As for the “empathy gap” Lainey referenced in the intro the other day—oh, it’s totally noticeable. More screen time is given to the seagull sharing Nancy’s rock than to any of her would-be saviors, and because of that med school subplot this can’t just be a basic survival tale, it has to be about Learning Lessons and Life Affirmation, which makes Nancy something of a ghoulish misery tourist whose mere presence gets everyone around her killed.

There are so few characters in The Shallows that when only one of them is given anything resembling a life, it’s very apparent. And it’s not like these guys have to be great Shakespearian figures, one memorable trait would be nice. The seagull is sassy, but I can’t remember anything about anyone not named Blake Lively except that they were shark food.
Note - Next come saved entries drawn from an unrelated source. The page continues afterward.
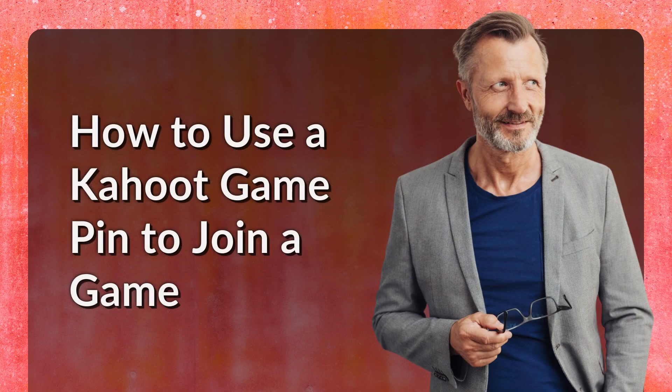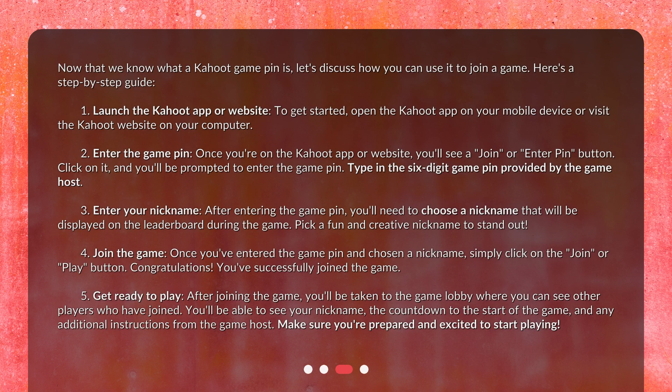How to use a Kahoot Game Pin to join a game. Now that we know what a Kahoot Game Pin is, let's discuss how you can use it to join a game. Here's a step-by-step guide.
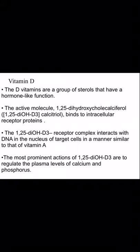Assalamu alaikum, this is Dr. Saadia Mirza and I will be discussing vitamin D, the second fat soluble vitamin today in the lecture. First of all, we need to know that D vitamins are a group of sterols that have a hormone-like function.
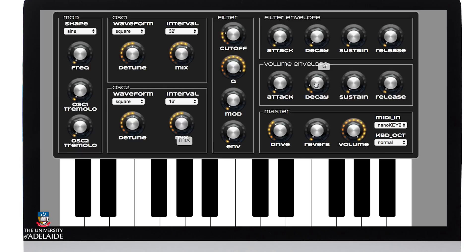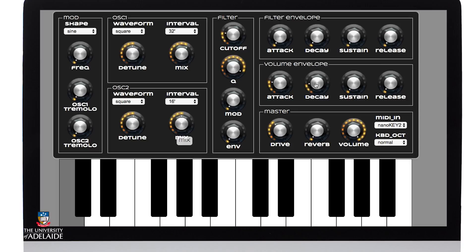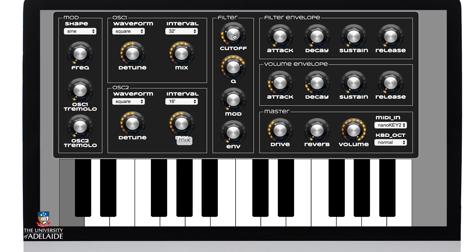If I want to increase the duration of that, I simply need to pull up the decay. Or if I want to make it slower. By stripping back all the parameters here, all I need to do is control the attack and decay. I can also play with the resonance and the cutoff a little bit to change the tone if I want to.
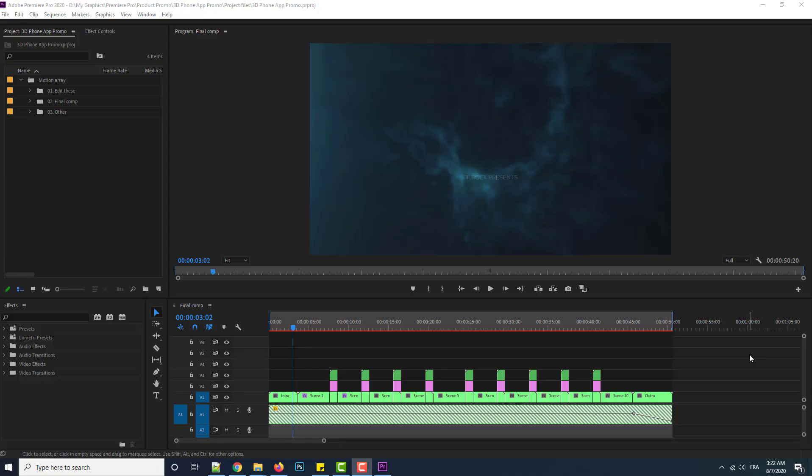Hey, welcome brothers and sisters to Automation of SLAZIP. I hope that you are well. Today I will give you a template for Premiere Pro that you can use to explain your application — to make a marketing campaign for your mobile application. It is a very powerful template and easy to use, and about ROI it is very, very powerful.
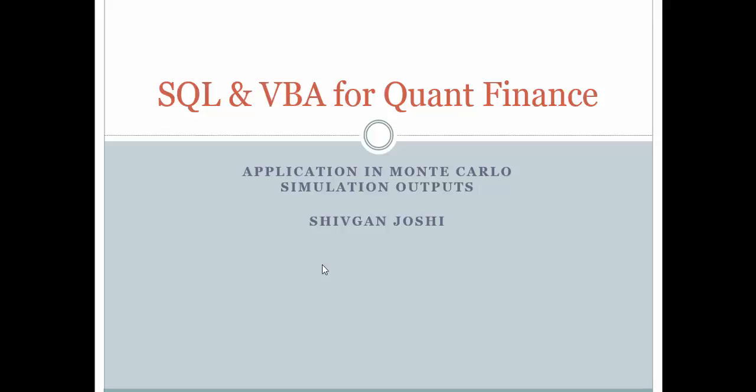We are looking at how SQL and VBA integration would work, mainly for our big data. In quant finance, we will have big data that we would like to load and unload from SQL.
The Shallows is a solid B-movie that doesn’t pretend to be anything other than a B-movie. That goes a long way in a summer movie season in which several big budget blockbusters have overreached and failed. Compared to the mind-numbing boredom of a movie like Independence Day: Resurgence, or the low of X-Men: Apocalypse, The Shallows is charmingly quaint. It’s a well-made movie that achieves its goal of making you afraid of the ocean. There’s something to be said for modest ambitions executed well.